What you have to do.
From the entries that follow, copy exactly the lines beginning at the line holding "construktiv字體" and continuing through the line holding "Sweden O15 used".

(Collected data entries)
:::

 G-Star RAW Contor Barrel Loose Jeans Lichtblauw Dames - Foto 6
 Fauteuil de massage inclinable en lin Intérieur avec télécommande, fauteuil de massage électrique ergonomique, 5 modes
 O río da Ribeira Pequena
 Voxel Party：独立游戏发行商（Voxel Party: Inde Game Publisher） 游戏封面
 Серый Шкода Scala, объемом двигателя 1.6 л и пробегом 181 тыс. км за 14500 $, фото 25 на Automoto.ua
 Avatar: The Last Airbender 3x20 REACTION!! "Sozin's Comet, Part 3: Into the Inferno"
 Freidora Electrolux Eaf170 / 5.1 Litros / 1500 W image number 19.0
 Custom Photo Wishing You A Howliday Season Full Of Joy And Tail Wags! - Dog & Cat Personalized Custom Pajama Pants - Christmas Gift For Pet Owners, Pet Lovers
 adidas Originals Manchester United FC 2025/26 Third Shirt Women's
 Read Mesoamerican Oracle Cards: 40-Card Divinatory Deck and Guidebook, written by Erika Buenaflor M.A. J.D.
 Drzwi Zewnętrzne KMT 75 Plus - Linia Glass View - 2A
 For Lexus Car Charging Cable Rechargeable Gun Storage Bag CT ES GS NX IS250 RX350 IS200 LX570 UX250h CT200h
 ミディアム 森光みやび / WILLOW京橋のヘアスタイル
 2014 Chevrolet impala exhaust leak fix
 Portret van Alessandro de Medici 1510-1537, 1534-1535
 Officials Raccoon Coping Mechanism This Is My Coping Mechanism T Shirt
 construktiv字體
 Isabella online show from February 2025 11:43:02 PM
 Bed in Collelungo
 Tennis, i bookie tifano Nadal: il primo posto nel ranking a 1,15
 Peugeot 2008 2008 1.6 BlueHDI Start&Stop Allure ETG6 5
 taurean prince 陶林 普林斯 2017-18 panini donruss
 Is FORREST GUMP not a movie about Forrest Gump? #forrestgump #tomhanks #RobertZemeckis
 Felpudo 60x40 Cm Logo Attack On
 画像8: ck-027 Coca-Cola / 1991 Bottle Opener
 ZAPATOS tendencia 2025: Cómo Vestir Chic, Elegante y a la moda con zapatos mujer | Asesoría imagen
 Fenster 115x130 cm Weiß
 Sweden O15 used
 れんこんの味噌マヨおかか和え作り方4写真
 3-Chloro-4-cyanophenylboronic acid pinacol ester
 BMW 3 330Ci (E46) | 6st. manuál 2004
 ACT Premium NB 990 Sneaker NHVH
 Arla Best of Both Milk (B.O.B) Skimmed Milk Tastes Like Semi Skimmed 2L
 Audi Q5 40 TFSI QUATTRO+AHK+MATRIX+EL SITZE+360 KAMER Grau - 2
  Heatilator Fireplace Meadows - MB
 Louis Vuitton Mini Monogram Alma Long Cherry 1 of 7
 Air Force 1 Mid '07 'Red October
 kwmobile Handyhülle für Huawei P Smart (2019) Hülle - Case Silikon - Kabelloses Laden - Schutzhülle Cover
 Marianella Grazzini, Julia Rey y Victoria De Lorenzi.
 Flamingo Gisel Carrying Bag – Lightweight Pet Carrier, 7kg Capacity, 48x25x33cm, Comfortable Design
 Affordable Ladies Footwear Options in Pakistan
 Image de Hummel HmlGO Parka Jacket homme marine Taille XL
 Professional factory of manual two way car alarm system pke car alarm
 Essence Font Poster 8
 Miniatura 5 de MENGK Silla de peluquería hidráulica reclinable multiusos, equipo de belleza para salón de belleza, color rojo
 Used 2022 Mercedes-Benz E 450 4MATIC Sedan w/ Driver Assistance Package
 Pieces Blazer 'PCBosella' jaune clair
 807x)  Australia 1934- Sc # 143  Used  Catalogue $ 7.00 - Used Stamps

:::

Result.
 construktiv字體
 Isabella online show from February 2025 11:43:02 PM
 Bed in Collelungo
 Tennis, i bookie tifano Nadal: il primo posto nel ranking a 1,15
 Peugeot 2008 2008 1.6 BlueHDI Start&Stop Allure ETG6 5
 taurean prince 陶林 普林斯 2017-18 panini donruss
 Is FORREST GUMP not a movie about Forrest Gump? #forrestgump #tomhanks #RobertZemeckis
 Felpudo 60x40 Cm Logo Attack On
 画像8: ck-027 Coca-Cola / 1991 Bottle Opener
 ZAPATOS tendencia 2025: Cómo Vestir Chic, Elegante y a la moda con zapatos mujer | Asesoría imagen
 Fenster 115x130 cm Weiß
 Sweden O15 used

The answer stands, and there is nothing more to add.